[Exercise prompt] Exactly the lines from the one containing "云南小伙获杭马中国选手第一 刷新个人最好成绩" through the end of the listing must make up the answer, with no pictures included.

[Supplied data]
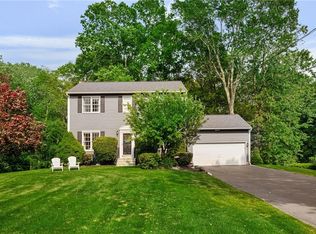 84 Country Hill Ln, North Kingstown, RI 02852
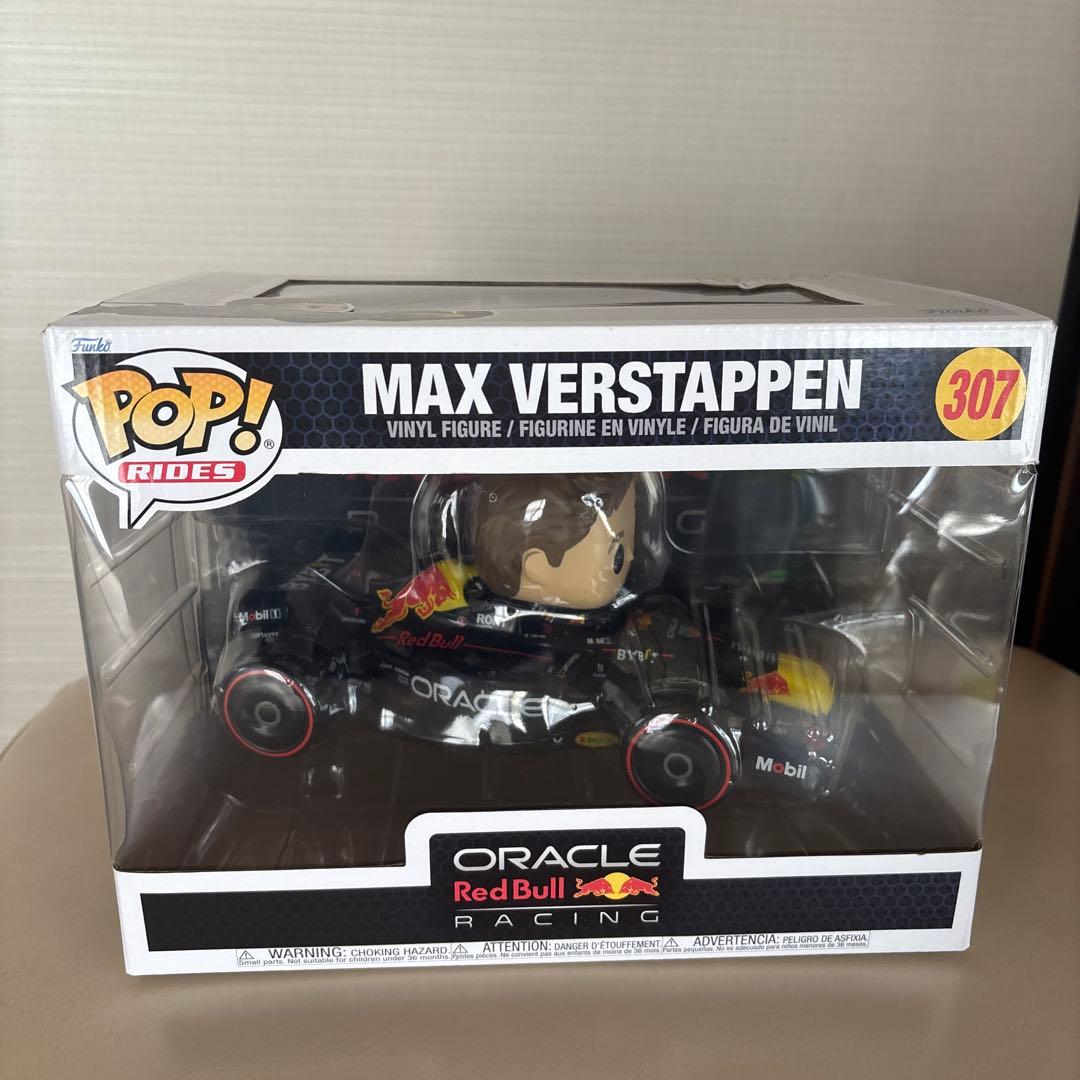 レッドブルー　MAX VERSTAPPEN フィギュア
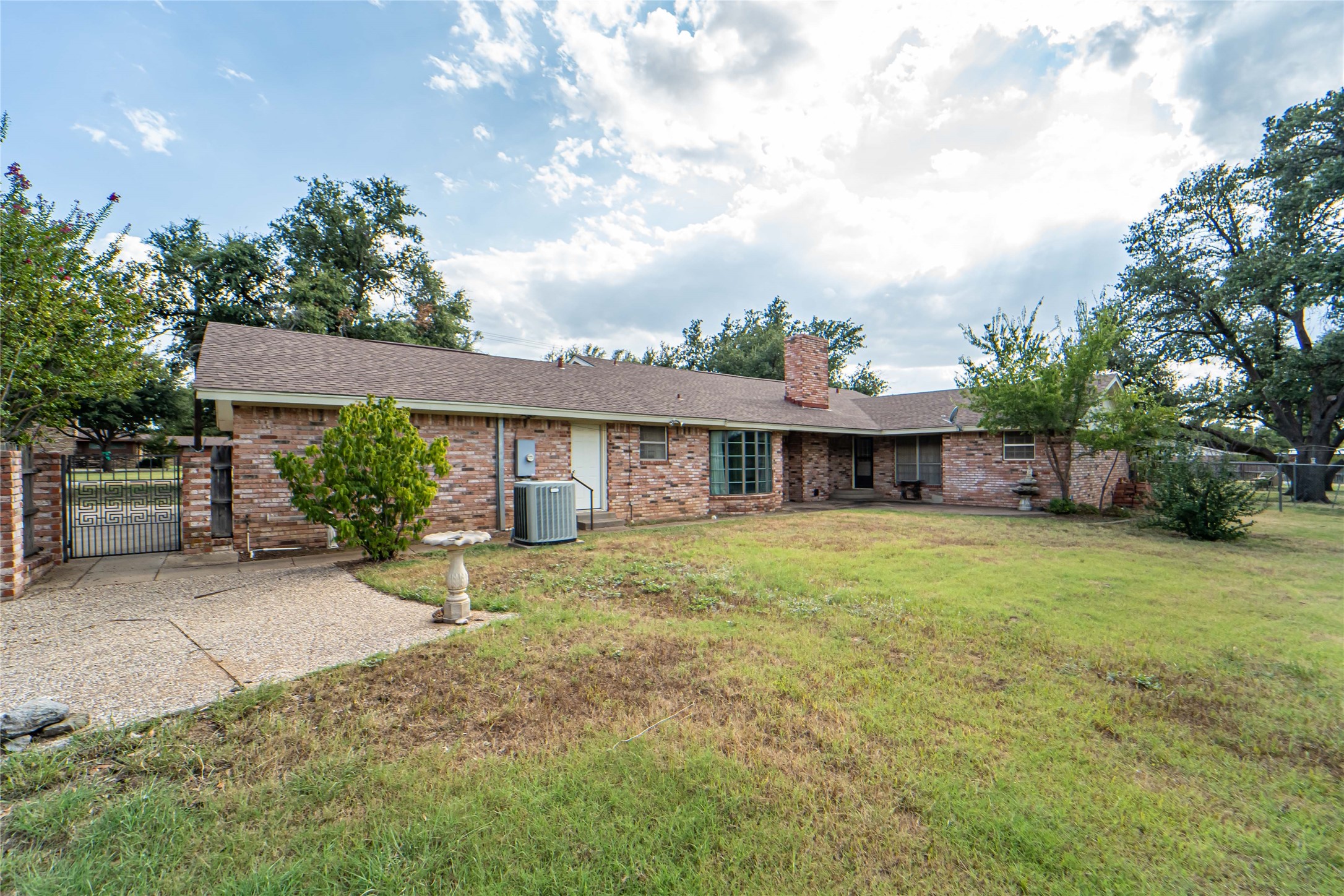 1508 W Elliott Street Breckenridge TX 76424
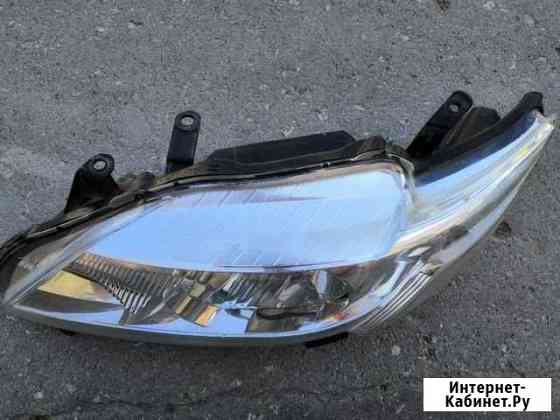 Фара Toyota Corolla e150 Энгельс
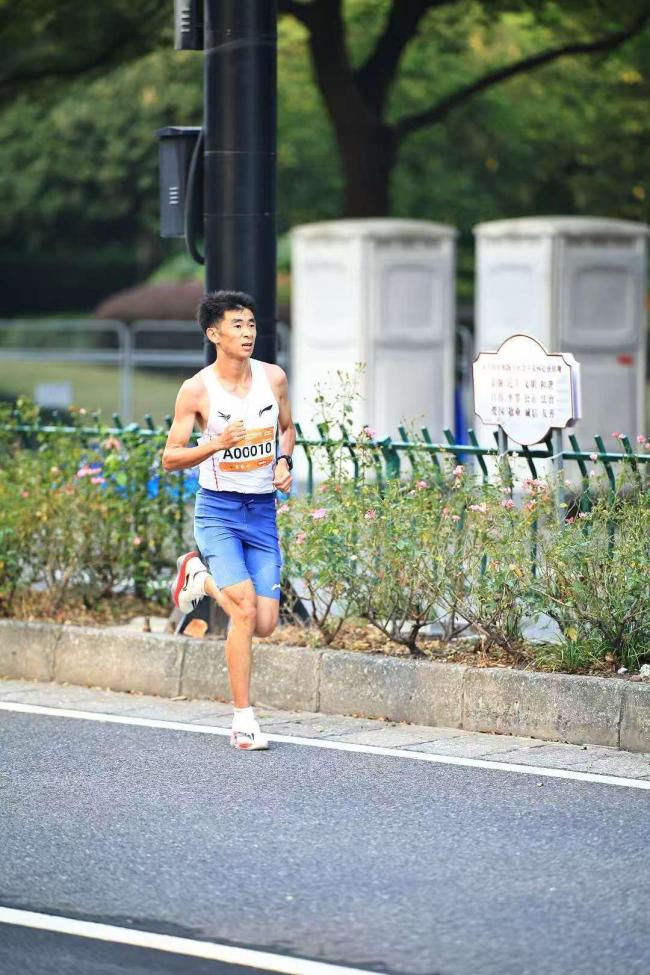 云南小伙获杭马中国选手第一 刷新个人最好成绩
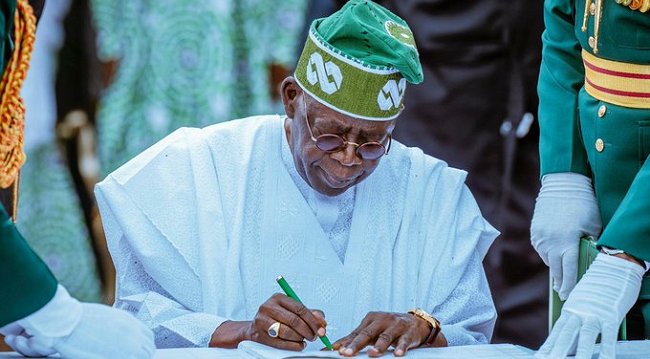 BREAKING: Nigeria Approves Controversial New Petrochemical Refineries!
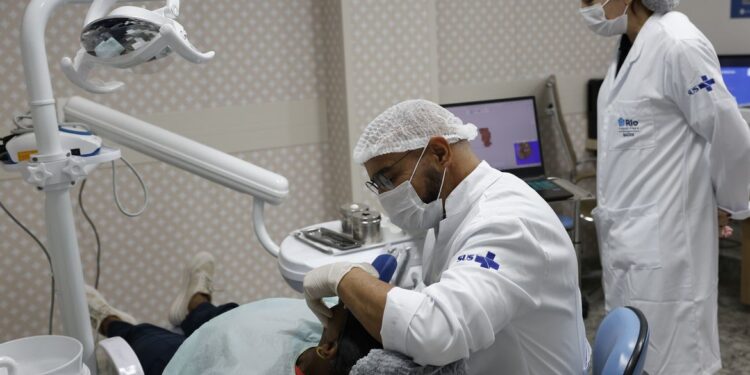 Número de dentistas pode aumentar drasticamente no Brasil com a implantação de novo programa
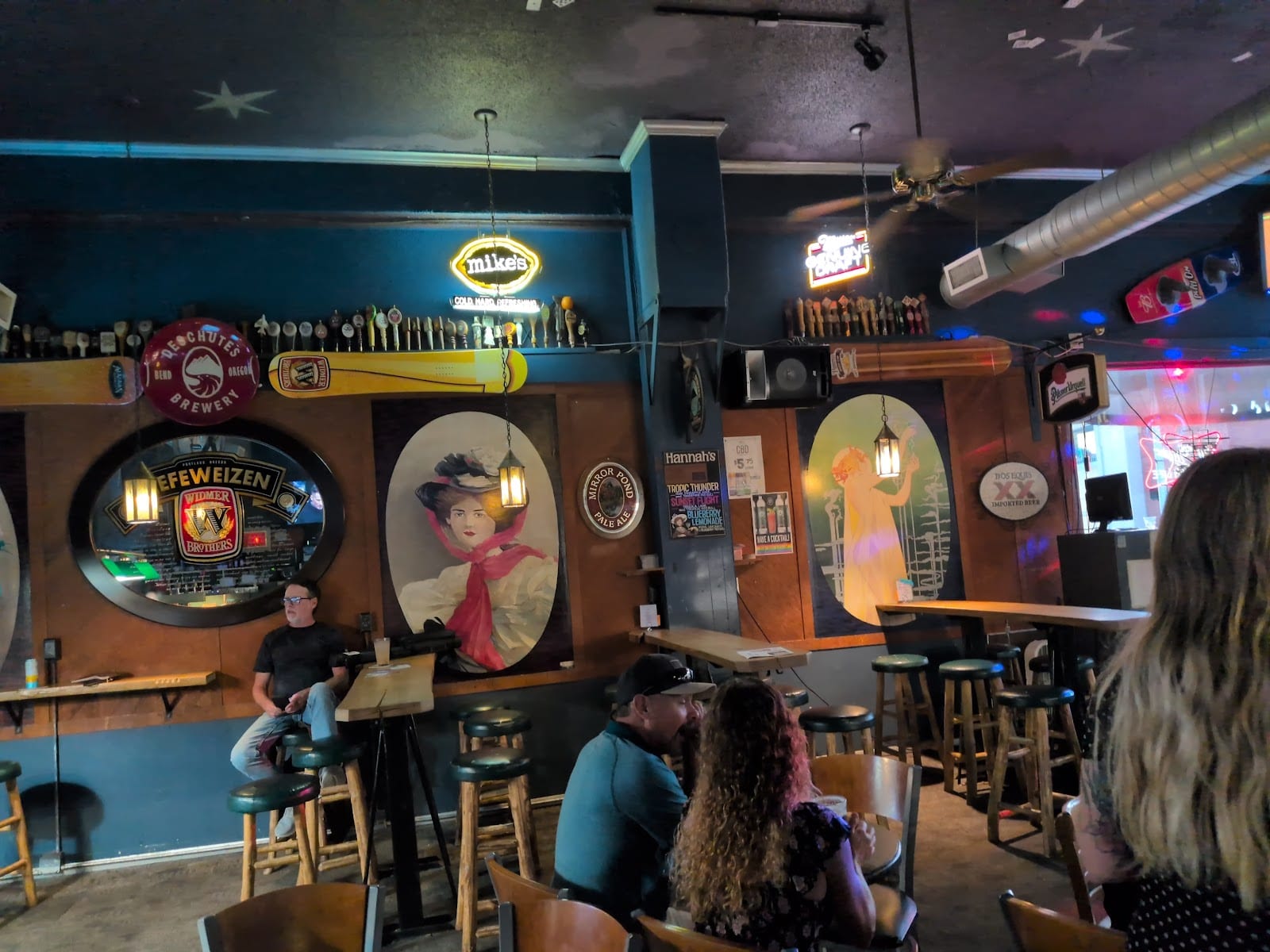 Hannah's Bar & Grille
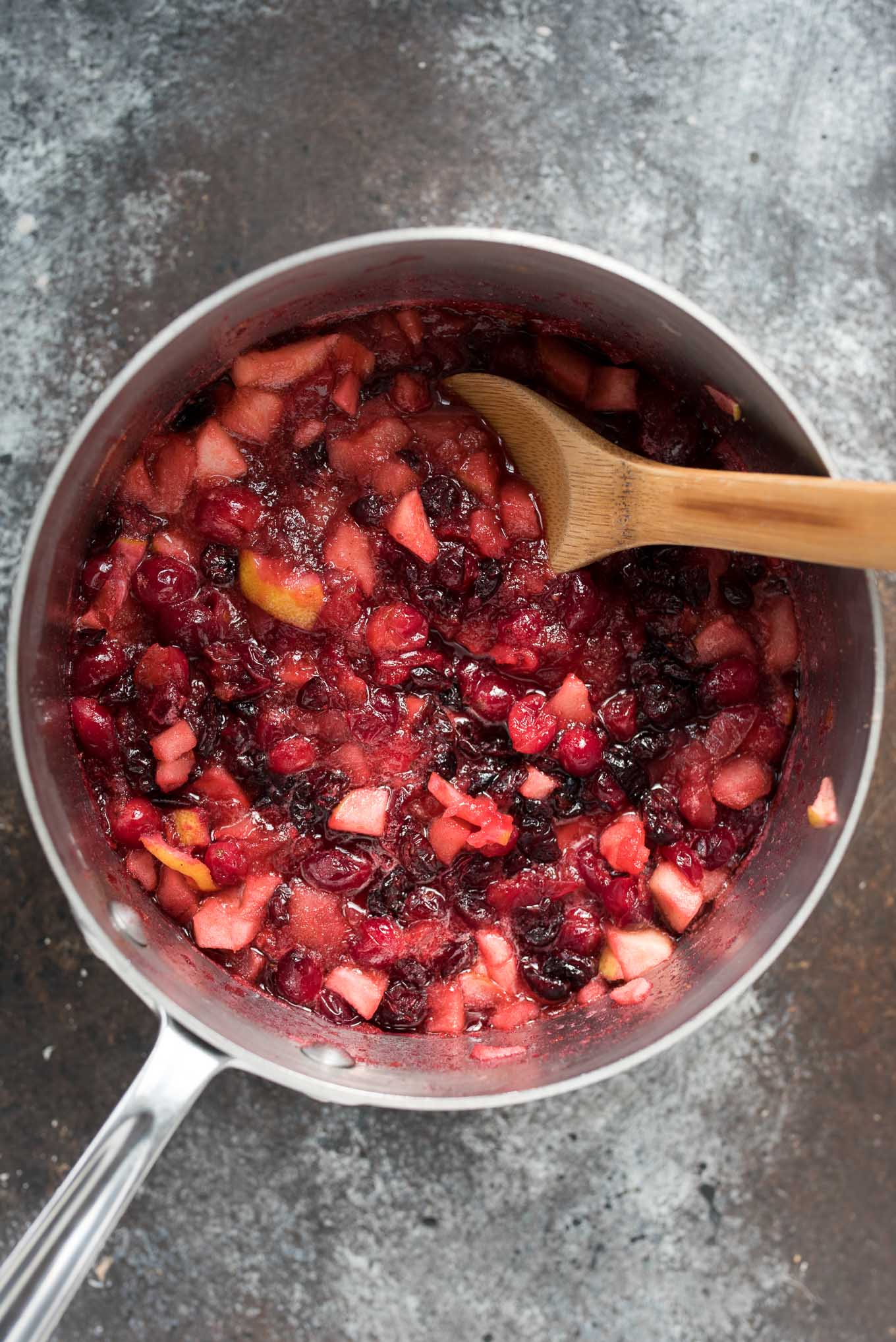 Cranberry Apple Sauce | green apples + lemon and cinnamon make this the perfect cranberry sauce for your Holiday spread. Naturally gluten free! |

[Your solution]
 云南小伙获杭马中国选手第一 刷新个人最好成绩
 BREAKING: Nigeria Approves Controversial New Petrochemical Refineries!
 Número de dentistas pode aumentar drasticamente no Brasil com a implantação de novo programa
 Hannah's Bar & Grille
 Cranberry Apple Sauce | green apples + lemon and cinnamon make this the perfect cranberry sauce for your Holiday spread. Naturally gluten free! |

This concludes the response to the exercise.